Entries provided>
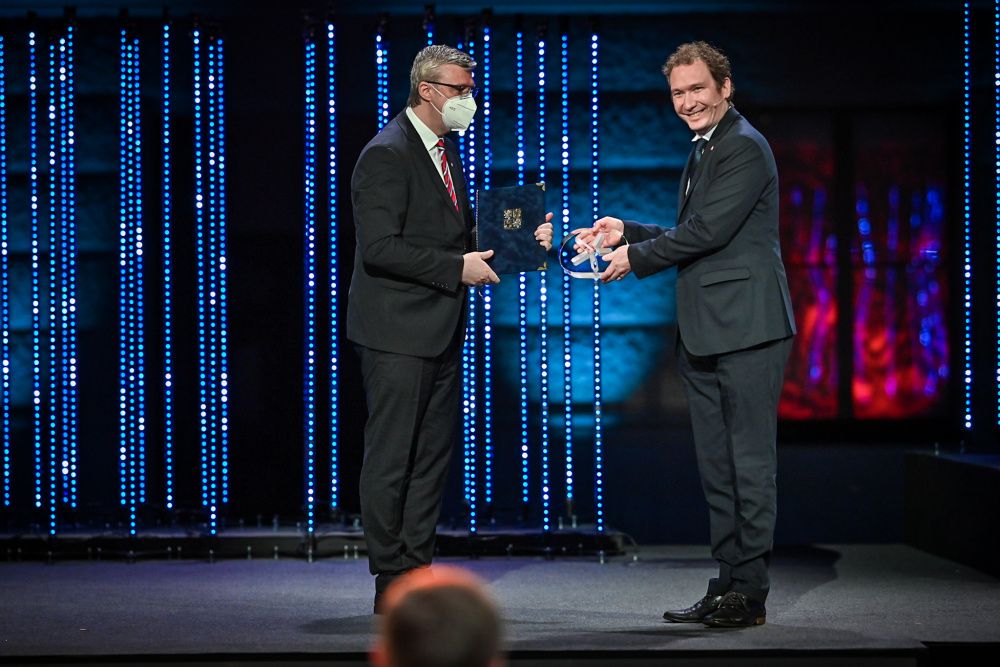 obrázek: Ocenění Česká hlava letos získal imunolog Václav Hořejší i společnost VÚTS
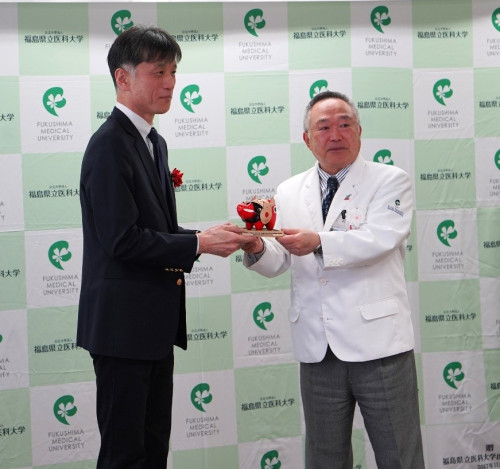 記念品受け渡しの様子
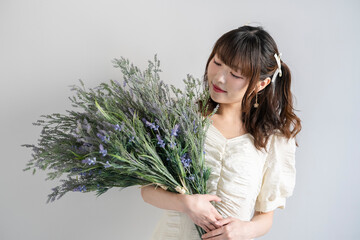 女性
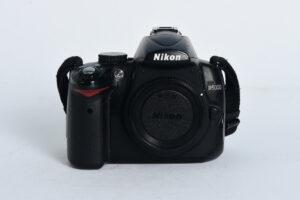 NIKON D5000 ohišje -rabljeno NIKON D5000 ohišje -rabljeno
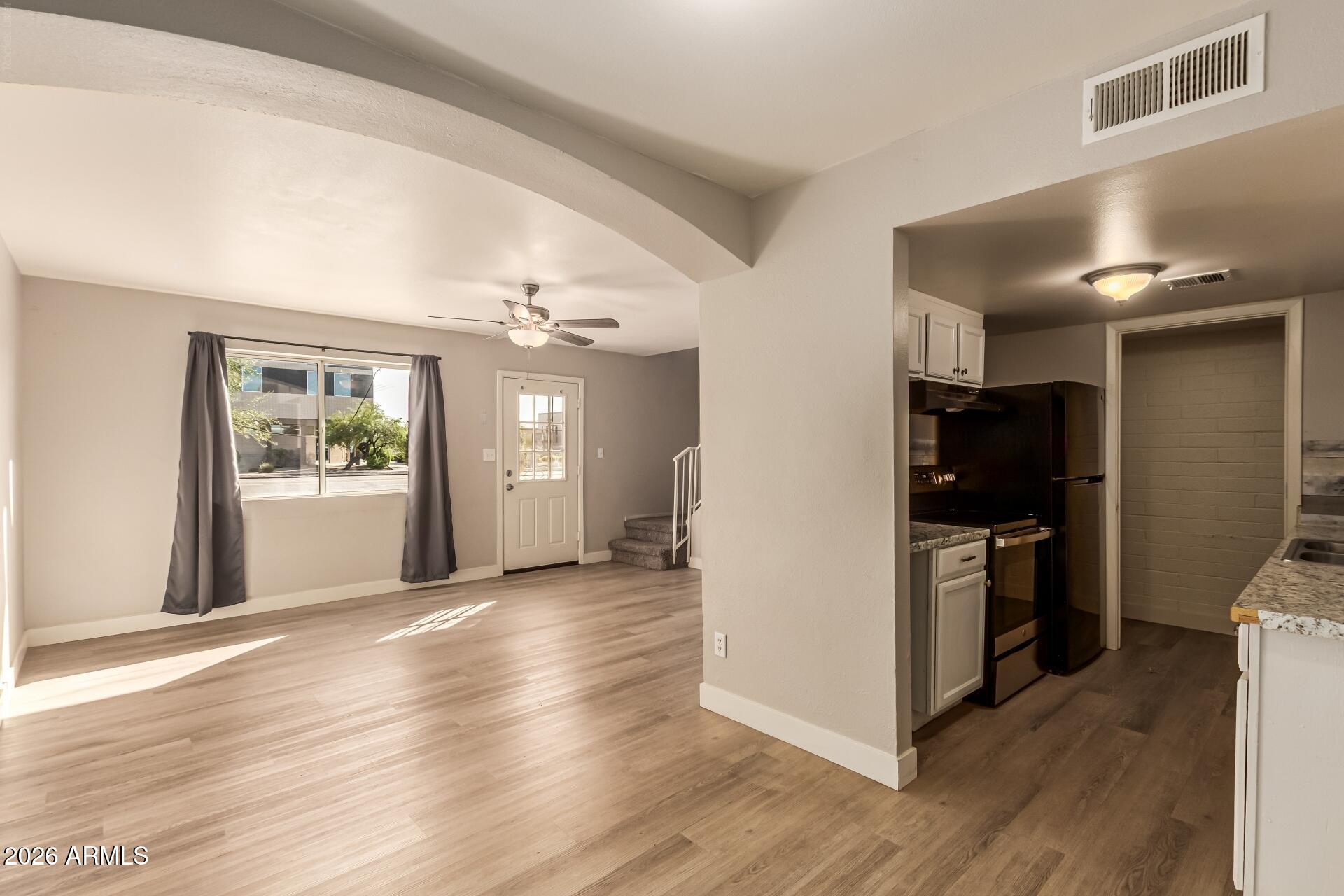 4606 East Broadway Road Phoenix, AZ 85040 - Photo 11 of 31 14 - Broadway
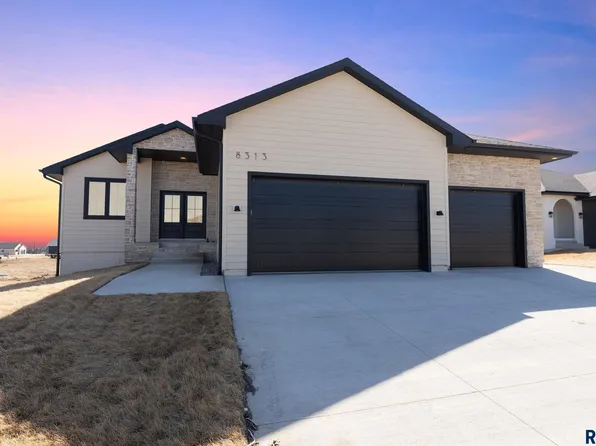 8313 E Sheridan Cir, Sioux Falls, SD 57110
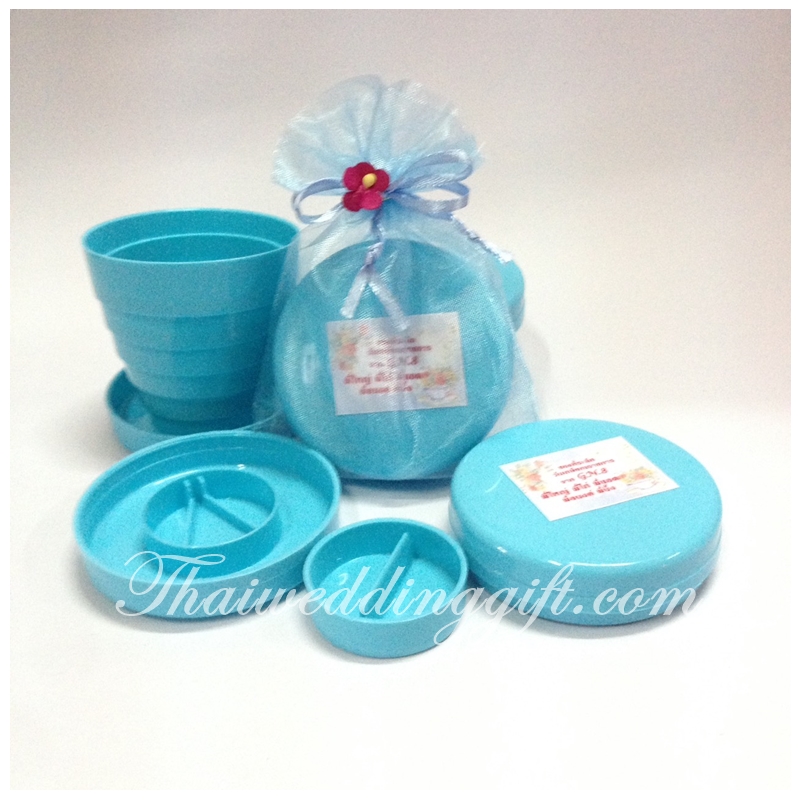 แก้วน้ำพับได้ น่าใช้พกพาสะดวก ใช้ตัดเม็ดยาได้ พร้อมฝาปิด แพ็คถุงผ้าแก้ว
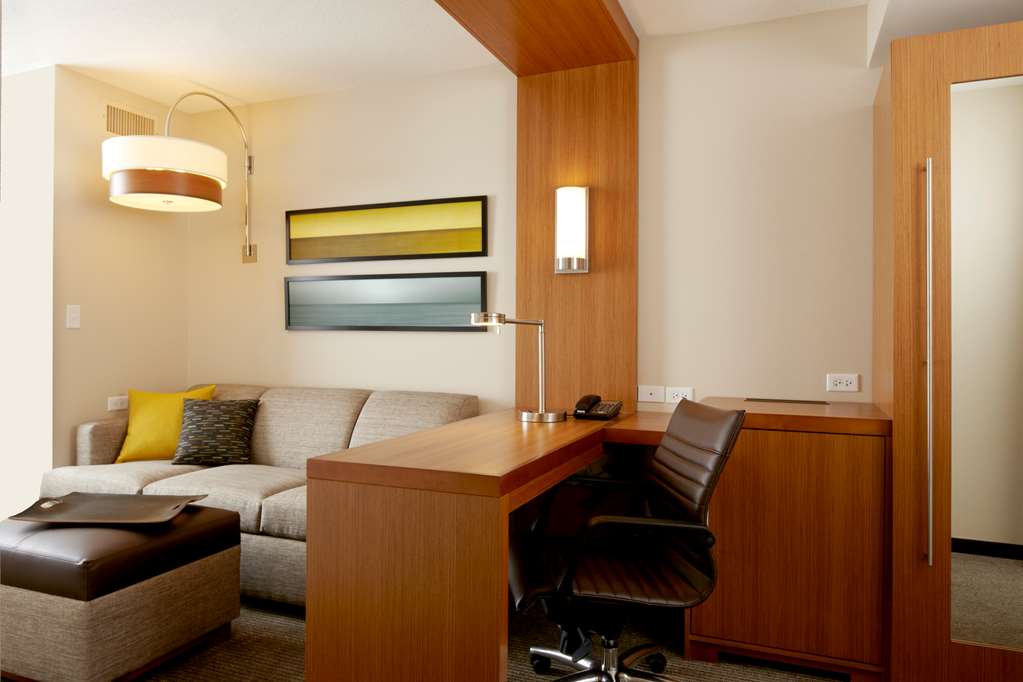 Hyatt Place Detroit Royal Oak - photo 7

Exercise instructions> Letter for letter, reproduce every record above and skip the pictures.

Written reply>
 obrázek: Ocenění Česká hlava letos získal imunolog Václav Hořejší i společnost VÚTS
 記念品受け渡しの様子
 女性
 NIKON D5000 ohišje -rabljeno NIKON D5000 ohišje -rabljeno
 4606 East Broadway Road Phoenix, AZ 85040 - Photo 11 of 31 14 - Broadway
 8313 E Sheridan Cir, Sioux Falls, SD 57110
 แก้วน้ำพับได้ น่าใช้พกพาสะดวก ใช้ตัดเม็ดยาได้ พร้อมฝาปิด แพ็คถุงผ้าแก้ว
 Hyatt Place Detroit Royal Oak - photo 7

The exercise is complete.